The CORR function computes the Pearson correlation coefficient between two numeric columns. The correlation coefficient measures the degree of linear relationship between two variables, with values ranging from -1 to 1.

Parameters

  • y: A numeric expression serving as the dependent variable. Must be a numeric type that can be cast to DOUBLE.
  • x: A numeric expression serving as the independent variable. Must be a numeric type that can be cast to DOUBLE.

Return Type

  • Returns a DOUBLE value representing the Pearson correlation coefficient, in the range [-1, 1].
    • 1: Perfect positive correlation (as x increases, y increases)
    • -1: Perfect negative correlation (as x increases, y decreases)
    • 0: No linear correlation
    • Close to 1 or -1: Strong correlation
    • Close to 0: Weak or no correlation

Notes

  • During computation, NULL values are ignored and excluded from the calculation.
  • If all x values are identical or all y values are identical (standard deviation is 0), returns NULL.
  • If there are fewer than 2 valid data points, returns NULL.
  • Formula: corr(y, x) = covar_pop(y, x) / (stddev_pop(y) * stddev_pop(x)), i.e., the covariance divided by the product of the standard deviations of the two variables.

Examples

  1. Basic usage: compute the correlation coefficient

SELECT corr(c1, c2) FROM VALUES (3, 2), (3, 3), (3, 3), (6, 4) AS tab(c1, c2); +--------------------+ | corr(c1, c2) | +--------------------+ | 0.816496580927726 | +--------------------+

  1. Perfect positive correlation (y = x)

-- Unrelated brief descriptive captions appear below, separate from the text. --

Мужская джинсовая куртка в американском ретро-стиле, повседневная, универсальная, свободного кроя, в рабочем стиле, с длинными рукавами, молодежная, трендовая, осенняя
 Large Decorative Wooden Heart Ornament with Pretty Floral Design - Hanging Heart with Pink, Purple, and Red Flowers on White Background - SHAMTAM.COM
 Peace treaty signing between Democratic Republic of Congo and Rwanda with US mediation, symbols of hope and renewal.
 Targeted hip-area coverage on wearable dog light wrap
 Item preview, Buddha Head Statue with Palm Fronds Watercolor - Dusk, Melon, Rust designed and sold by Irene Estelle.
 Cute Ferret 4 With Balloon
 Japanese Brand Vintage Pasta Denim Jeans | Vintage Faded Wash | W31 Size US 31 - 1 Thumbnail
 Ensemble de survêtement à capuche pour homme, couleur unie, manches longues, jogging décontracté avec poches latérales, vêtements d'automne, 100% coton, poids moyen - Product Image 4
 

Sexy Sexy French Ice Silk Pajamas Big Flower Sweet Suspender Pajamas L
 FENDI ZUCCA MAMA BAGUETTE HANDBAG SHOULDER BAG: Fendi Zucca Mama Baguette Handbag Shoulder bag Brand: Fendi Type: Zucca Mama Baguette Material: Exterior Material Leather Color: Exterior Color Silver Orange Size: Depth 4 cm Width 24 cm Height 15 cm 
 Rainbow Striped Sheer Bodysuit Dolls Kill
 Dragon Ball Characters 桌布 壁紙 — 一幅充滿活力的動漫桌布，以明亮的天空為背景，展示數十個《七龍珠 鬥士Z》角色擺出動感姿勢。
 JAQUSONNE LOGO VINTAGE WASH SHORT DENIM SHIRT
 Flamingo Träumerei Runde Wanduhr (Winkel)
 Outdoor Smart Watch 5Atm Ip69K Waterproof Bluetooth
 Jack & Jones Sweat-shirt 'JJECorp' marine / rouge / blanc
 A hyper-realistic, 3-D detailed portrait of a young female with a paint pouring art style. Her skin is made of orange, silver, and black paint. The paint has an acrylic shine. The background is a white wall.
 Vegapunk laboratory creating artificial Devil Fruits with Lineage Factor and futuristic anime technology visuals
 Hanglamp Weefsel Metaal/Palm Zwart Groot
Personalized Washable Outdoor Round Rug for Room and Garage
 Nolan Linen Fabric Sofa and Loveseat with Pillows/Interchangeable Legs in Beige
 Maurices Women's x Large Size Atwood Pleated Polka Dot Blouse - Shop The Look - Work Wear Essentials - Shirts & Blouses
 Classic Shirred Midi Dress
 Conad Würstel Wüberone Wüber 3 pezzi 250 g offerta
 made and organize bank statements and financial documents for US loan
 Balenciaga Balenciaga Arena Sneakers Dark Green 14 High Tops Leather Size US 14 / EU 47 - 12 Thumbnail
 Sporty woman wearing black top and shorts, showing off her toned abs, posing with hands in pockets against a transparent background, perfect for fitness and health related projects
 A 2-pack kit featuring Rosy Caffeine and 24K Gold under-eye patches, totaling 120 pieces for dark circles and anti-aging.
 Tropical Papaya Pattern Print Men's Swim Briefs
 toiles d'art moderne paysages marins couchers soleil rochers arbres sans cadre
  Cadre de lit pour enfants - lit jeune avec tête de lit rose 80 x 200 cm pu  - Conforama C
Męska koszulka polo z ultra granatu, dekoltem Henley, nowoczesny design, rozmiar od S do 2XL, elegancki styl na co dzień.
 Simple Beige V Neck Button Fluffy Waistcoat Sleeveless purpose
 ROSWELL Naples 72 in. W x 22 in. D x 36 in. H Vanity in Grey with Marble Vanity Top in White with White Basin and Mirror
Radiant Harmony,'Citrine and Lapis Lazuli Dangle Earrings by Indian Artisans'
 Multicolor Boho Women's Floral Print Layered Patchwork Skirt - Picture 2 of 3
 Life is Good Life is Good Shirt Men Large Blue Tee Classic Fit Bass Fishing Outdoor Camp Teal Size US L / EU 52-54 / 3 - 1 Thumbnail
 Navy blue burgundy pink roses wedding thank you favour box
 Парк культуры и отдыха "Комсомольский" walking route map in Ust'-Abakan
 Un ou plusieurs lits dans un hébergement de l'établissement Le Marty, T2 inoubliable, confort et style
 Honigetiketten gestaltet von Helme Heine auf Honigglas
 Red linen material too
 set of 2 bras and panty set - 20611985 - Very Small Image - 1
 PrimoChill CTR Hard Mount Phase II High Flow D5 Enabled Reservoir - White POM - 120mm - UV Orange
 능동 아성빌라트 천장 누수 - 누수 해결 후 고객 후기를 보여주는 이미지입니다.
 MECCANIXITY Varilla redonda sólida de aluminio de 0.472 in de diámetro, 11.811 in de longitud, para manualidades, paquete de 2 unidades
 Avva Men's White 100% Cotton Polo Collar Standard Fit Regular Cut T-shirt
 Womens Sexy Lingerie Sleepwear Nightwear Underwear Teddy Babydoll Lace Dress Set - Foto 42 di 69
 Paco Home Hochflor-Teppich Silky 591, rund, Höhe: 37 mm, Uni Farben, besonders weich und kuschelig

SELECT corr(x, y) FROM VALUES (1, 1), (2, 2), (3, 3), (4, 4) AS t(x, y); +-------------+ | corr(x, y) | +-------------+ | 1.0 | +-------------+

  1. Perfect negative correlation (y = -x)

SELECT corr(x, y) FROM VALUES (1, -1), (2, -2), (3, -3), (4, -4) AS t(x, y); +-------------+ | corr(x, y) | +-------------+ | -1.0 | +-------------+

  1. No correlation (x and y are independent)

SELECT corr(x, y) FROM VALUES (1, 1), (2, 1), (3, 1), (4, 1) AS t(x, y); +-------------+ | corr(x, y) | +-------------+ | NULL | +-------------+

  1. Compute correlation coefficient by group

SELECT category, corr(price, quantity) as price_quantity_corr FROM VALUES ('A', 10, 100), ('A', 20, 80), ('A', 30, 60), ('B', 15, 50), ('B', 25, 40), ('B', 35, 30) AS sales(category, price, quantity) GROUP BY category; +----------+----------------------+ | category | price_quantity_corr | +----------+----------------------+ | A | -1.0 | | B | -1.0 | +----------+----------------------+